Prejuízo cultural às crianças do campo

Um acordo entre o governo de Yeda Crusius, no Rio Grande do Sul, e o Ministério Público Estadual para impedir que as escolas itinerantes do MST continuem a educar as crianças e adolescentes das áreas rurais é uma atitude que beira a criminalidade educacional à medida que não conseguirá proporcionar uma educação semelhante. O governo estadual sequer consegue dar às crianças urbanas uma educação adequada, que dirá às crianças moradoras em zonas rurais.

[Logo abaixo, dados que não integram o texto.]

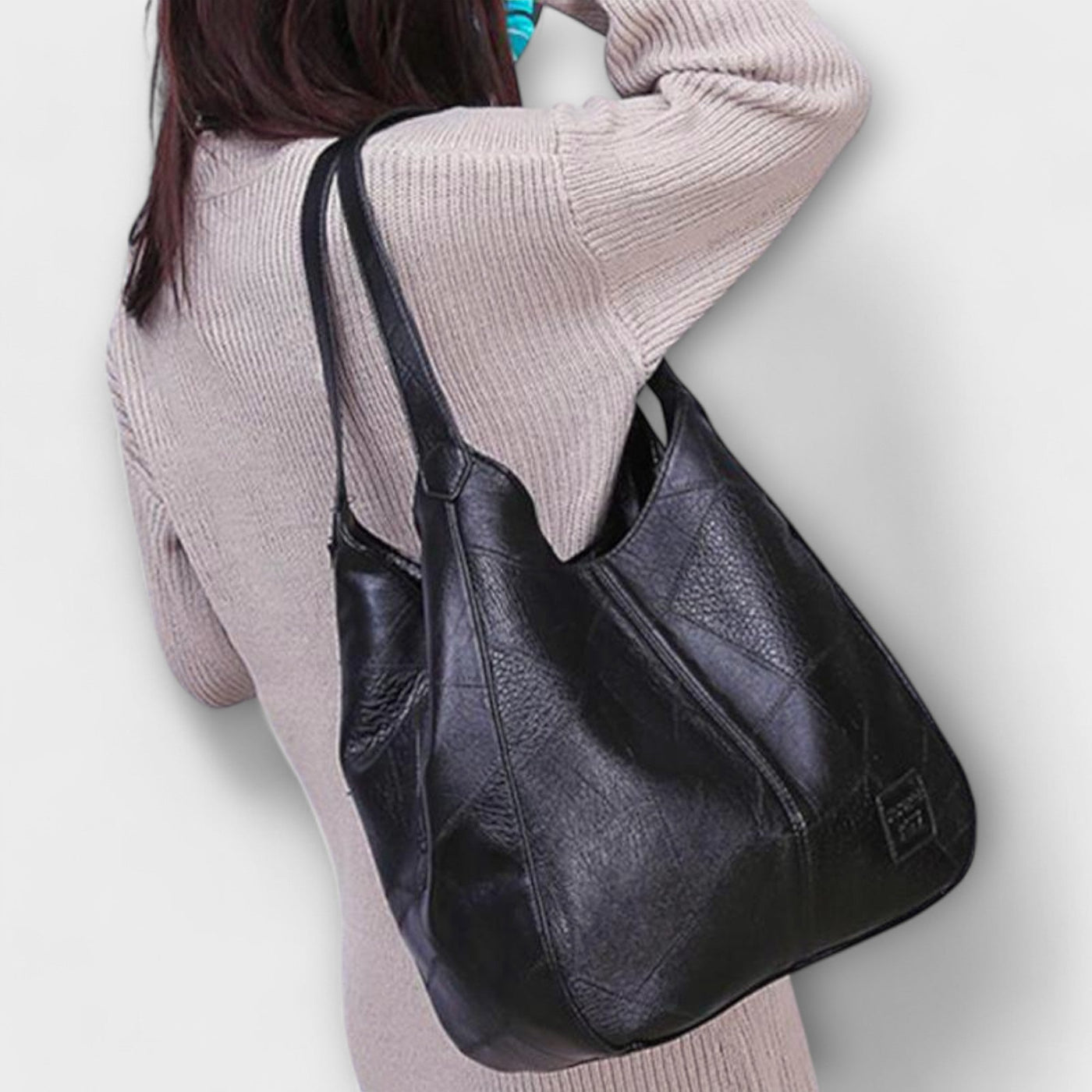 Melanie™ Vintage Leather Bag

A educação da população é um dever do Estado, mas este não necessita fazê-la sozinho. Os governos compreenderam que não há compromisso nacional que possa ser realizado unicamente com os instrumentos dos Estados. O Estado é rico em burocracia e pobre em eficiência. É ágil na cobrança de impostos e moroso no atendimento dos programas sociais.

Ao determinar o fechamento de escolas itinerantes rurais do MST, de anunciar o rompimento do convênio, devido ao perigoso “recrutamento de novos militantes dispostos a ações que ameaçam a ordem pública” ou porque “é uma medida em defesa das crianças acampadas”, como declarou o procurador de Justiça, tanto o MP como o governo estadual dão mostras da mais perversa discriminação social a partir de uma posição de classe e da mais cínica justificativa oficial. O que ameaça a ordem pública é o aprofundamento da miséria e da desigualdade de oportunidades entre os diversos segmentos da população.

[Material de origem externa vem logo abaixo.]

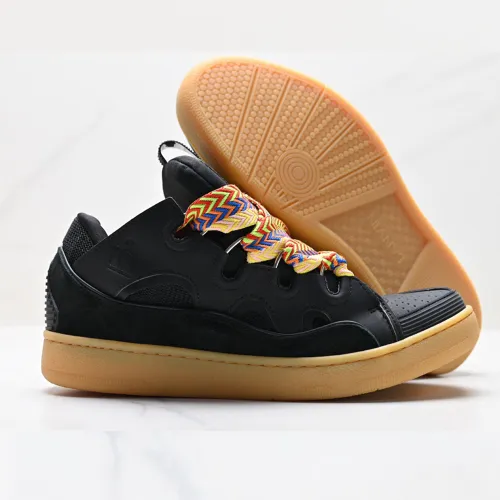 Lanvin — Shoes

Esse ato do governo e do MP gaúcho é um ato criminoso para com as crianças e suas famílias. Pior é o método e o momento: primeiro o governo estadual coloca a fatura de despejo escolar nas mãos do Ministério Publico; segundo, o faz em um período de início de ano letivo, quando as classes das escolas já estão formadas. Sofrendo uma demanda maior que podem suportar. Com prédios precários, professores mal pagos e funcionários em falta.

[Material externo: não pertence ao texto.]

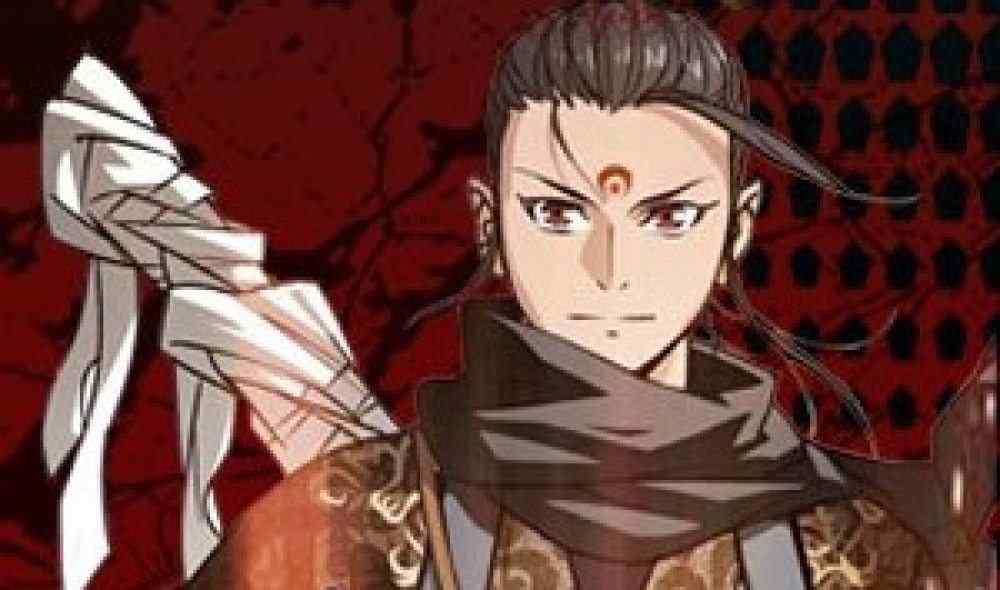 Baca Manhua Pertempuran Tianjiao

Qualquer testemunho do padrão educacional e físico das escolas públicas brasileiras envergonha qualquer cidadão, menos os responsáveis pelos programas que gesticulam, em defesa, com dados e circunstâncias criadas pela escassa responsabilidade governamental diante da sua população. O MP gaúcho deveria realizar uma vistoria nas escolas municipais que deverão receber as quinhentas crianças que virão das escolas itinerantes do MST. Como defensor da população o MP deveria estar monitorando as execuções orçamentárias e físicas dos programas educacionais dos estados e não acirando o confronto das classes sociais. Pois, como é de conhecimento público o Conselho Superior do Ministério Publico gaúcho aprovou relatório propondo “ação civil pública com vistas à dissolução do MST e declaração de sua ilegalidade” e a “intervenção nas escolas do MST”, pois “as bases pedagógicas veiculadas nas escolas mantidas ou geridas pelo MST são nitidamente contrárias aos princípios contidos na Constituição Federal”.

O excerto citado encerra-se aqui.